PS Sorry if this has already been discussed and I missed it.

We've had a 28 node PC cluster running for a few months now. The PC's are connected with two 100 mbit switches interconnected with 4 bundled channels. All components are 100% off-the-shelf products. We use the cluster as a compute server for CFD simulations.

So far we are extremely happy with both performance and stability. Aside from one intital harddisk crash we haven't had any problems - all 28 nodes have stayed up for more than 3 months now! This is better than our HP V-class server! We run Linux RedHat 6.0 on the cluster.

Performance wise... Noone wants to run on our HP J and V class machines any more! The cluster scales very well and is faster per node than our one-year old high-end HP workstations (HP J2240).

We have PIII-500 machines with 512 mb per node. Today you could buy AMD Athlon 800 MHz machines for the same price and get about twice the performance per CPU. I'm sure no workstation solution comes close to the price/performance of this. If you need top-perfromance you should connect the nodes with a Myrinet. However, IMHO the speed gain this gives can't warrant the extra cost. Standard fast ethernet is most often good enough and I think that it is wise to stay with the basic philosophy of only using standard off-the-shelf compononents (don't buy any fancy double CPU Xeon machines or so... you can never warrant the extra cost).

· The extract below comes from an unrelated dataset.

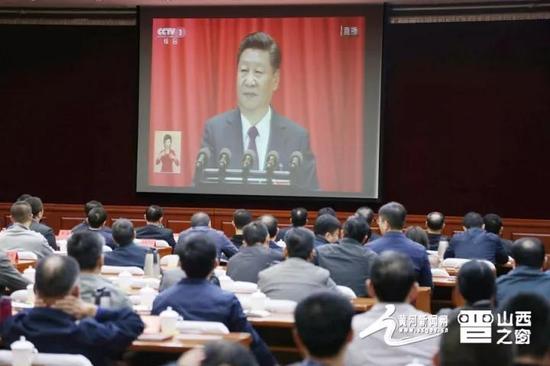 图片说明:山西省委机关党员干部正在收听收看十九大新闻
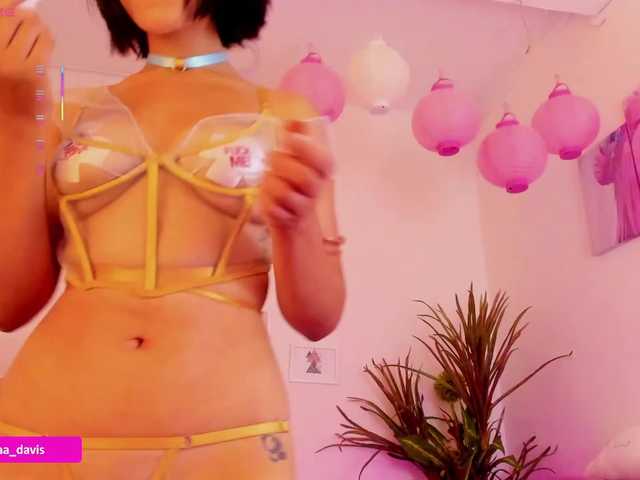 Zaradavis's BongaCams show and profile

(1). To get the best results, often one has to have the best computer system to attract the best engineer in the world. (2). If cheaper computer system .not equal. cheaper CFD solution , then it does not make sense to invest time and effort to create and use cheaper systems. (3). In terms of a single software on a single computer system (multiple workstations or PCs), there is no practical problems in using different computers, as long as the software can fit and run on the new system. (4). On the other hand, a company with many engineering groups and hundreds of design software on the system, the change in computer systems and conversion (or different versions) of software will become a big problem. (5). The problem is in the design system integration as a whole. If the designer (CAD) is using a workstation with high speed graphics, then it does not make sense to use a PC or a network of PCs to do CFD. (6). I must say that in 3-D CFD, graphics is one of the most important area in the operation (including geometry, mesh, flow field results, animation.) Therefore, the system integration must look at the graphics capability as the most important factor in the hardware and the supporting software. (7). Because of computer games development, PC is getting high speed graphic cards at affordable cost. But the hardware graphic workstation has been around since early 80's, it is going to take a while to replace it by PC. (even the graphic standards and library were developed for workstations) (8). If you have a high speed main-frame computer, there will be a group of engineers to keep it running all the time. With thousands of workstations or PCs in the todays network environment, the failure rate is just thousands of times higher. The cost of computer down time becomes very expensive in the network environment. (if you have 28 PCs, there will be 28 hard drives, 28 CPUs, 28 sets of RAMs, Cards, etc.. At some point, it will become a problem to fix the hardware problem which can happen randomly in time.)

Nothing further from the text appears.